WHAT YOU ARE ASKED TO DO: Up to and including the line holding "PanzerGlass Ultra-Wide Fit", write out the data exactly from its first line, but not the pictures.

Short web captions:
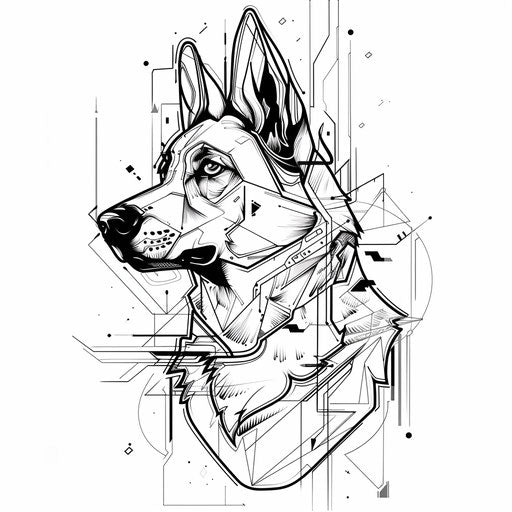Futuristic cyber-inspired German Shepherd dog outline tattoo sketch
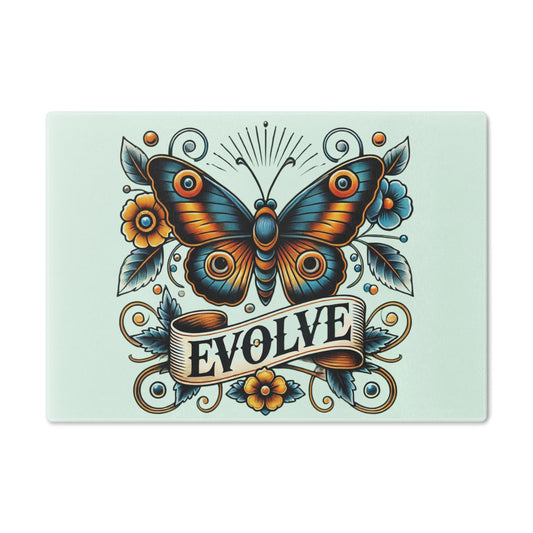 Cutting Board, Vintage Butterfly Tattoo BLOOM Design, Cool Kitchen Decor - Housewarming Gift, Foodie Gift, Flower Gift, Tattoo Lover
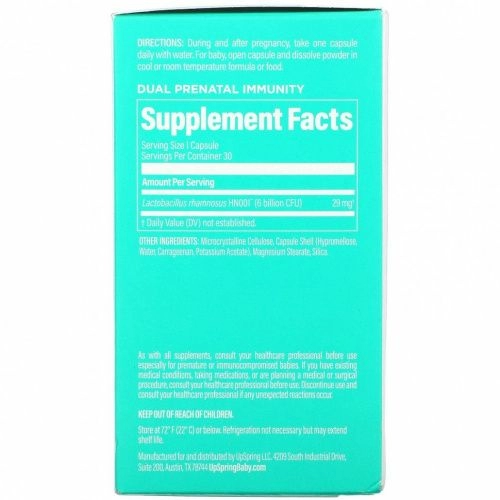 UpSpring, Dual Prenatal Immunity, 30 Capsules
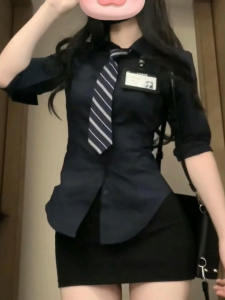 Slim Fit Long Sleeve Shirt Vintage School Style Dark Blue Waist Cinched Autumn Pure Desire Ladylike Top for Young Women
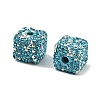 Cube Shape Polymer Clay Rhinestone Beads CLAY-NH0001-08C-3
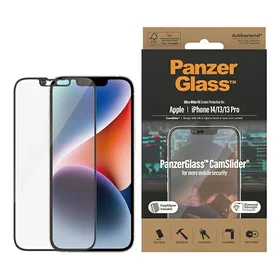 PanzerGlass Ultra-Wide Fit antibakterinis apsauginis stiklas su kameros dangteliu ir pozicionieriumi iPhone 14/13/13 Pro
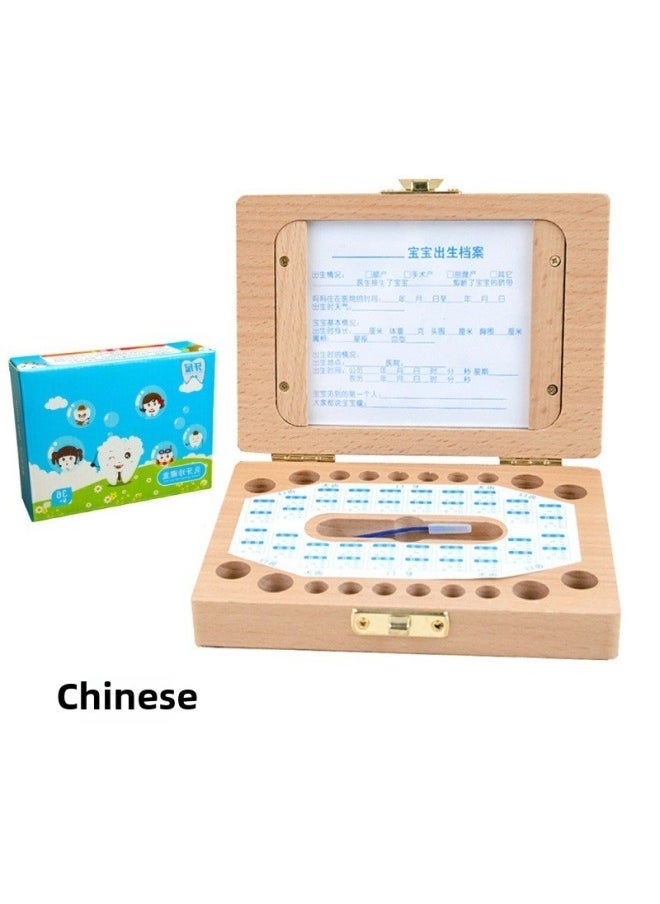 Wooden Children's Picture Frame Baby Tooth Preservation Box Hair Teeth Storage House Wooden Toys For Children Aged 4-6-Color:Right Angle Photo Frame-Chinese-Specifications:15*11.5*4.5CM  - Image 4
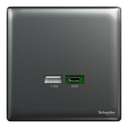 Schneider Electric UnicaX USB Charger, Dual USB‑A + USB‑C, Dark Grey, Slim Plate, Flush-Mount 1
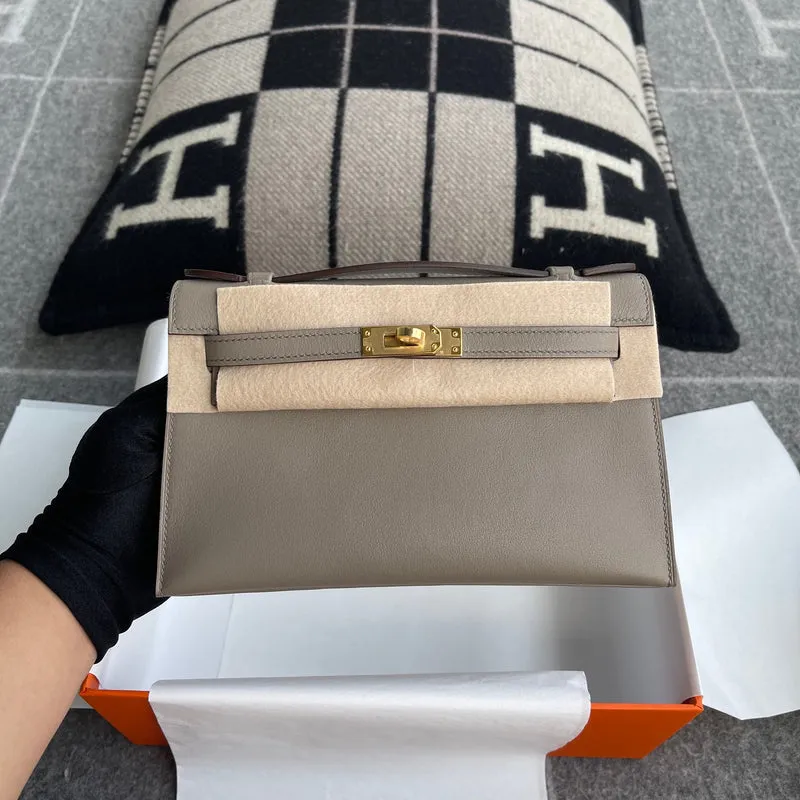 KELLY POCHETTE SWIFT LEATHER GRIS ASPHALTE WITH GOLD HARDWARE (GHW) - 2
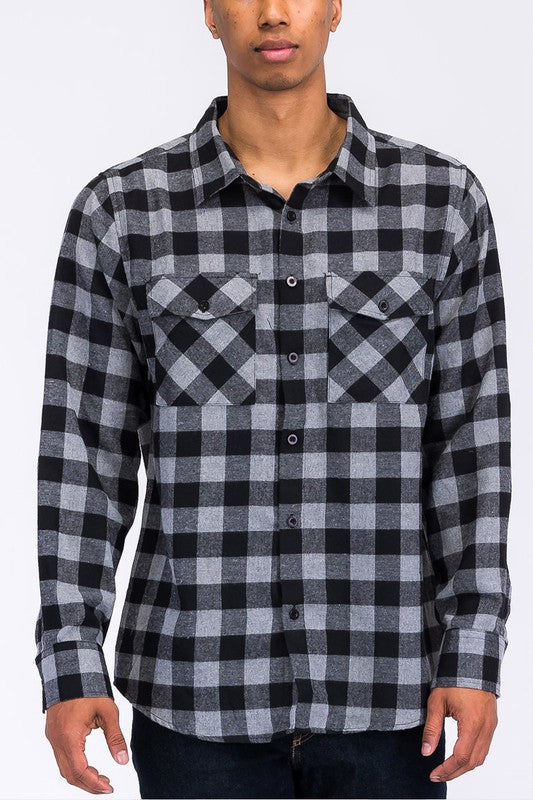 Men Regular Fit Checker Plaid Flannel Long Sleeve Shirt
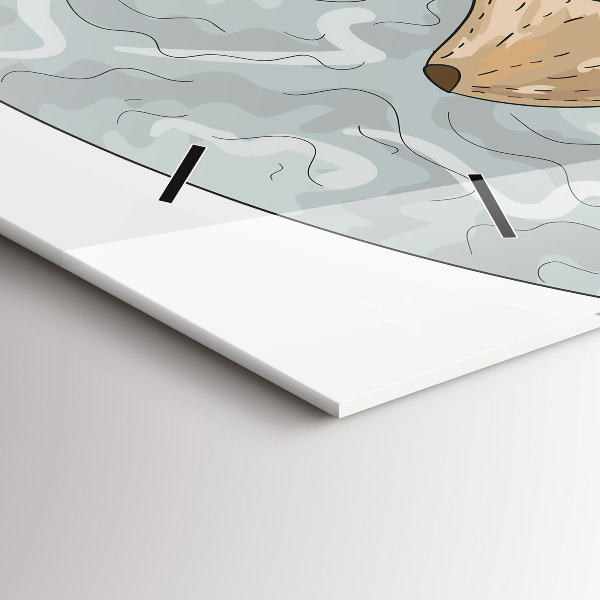 Horloge murale horizontale Animaux nocturnes Lune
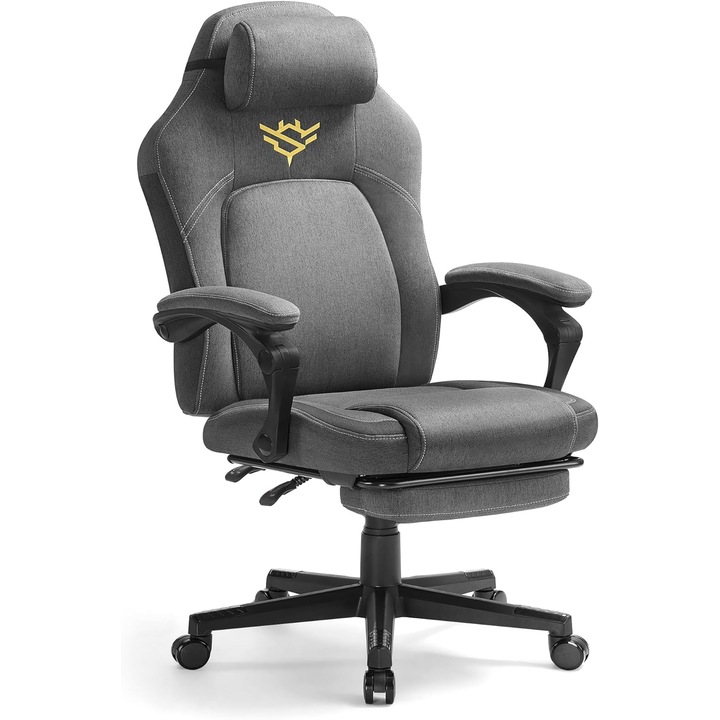 SONGMICS Scaun gaming ergonomic cu suport picioare, reglabil pe inaltime, spatar rabatabil 90-135°, material textil tip bumbac/in, 70x70x129 cm, gri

EXERCISE RESPONSE:
Futuristic cyber-inspired German Shepherd dog outline tattoo sketch
 Cutting Board, Vintage Butterfly Tattoo BLOOM Design, Cool Kitchen Decor - Housewarming Gift, Foodie Gift, Flower Gift, Tattoo Lover
 UpSpring, Dual Prenatal Immunity, 30 Capsules
 Slim Fit Long Sleeve Shirt Vintage School Style Dark Blue Waist Cinched Autumn Pure Desire Ladylike Top for Young Women
 Cube Shape Polymer Clay Rhinestone Beads CLAY-NH0001-08C-3
 PanzerGlass Ultra-Wide Fit antibakterinis apsauginis stiklas su kameros dangteliu ir pozicionieriumi iPhone 14/13/13 Pro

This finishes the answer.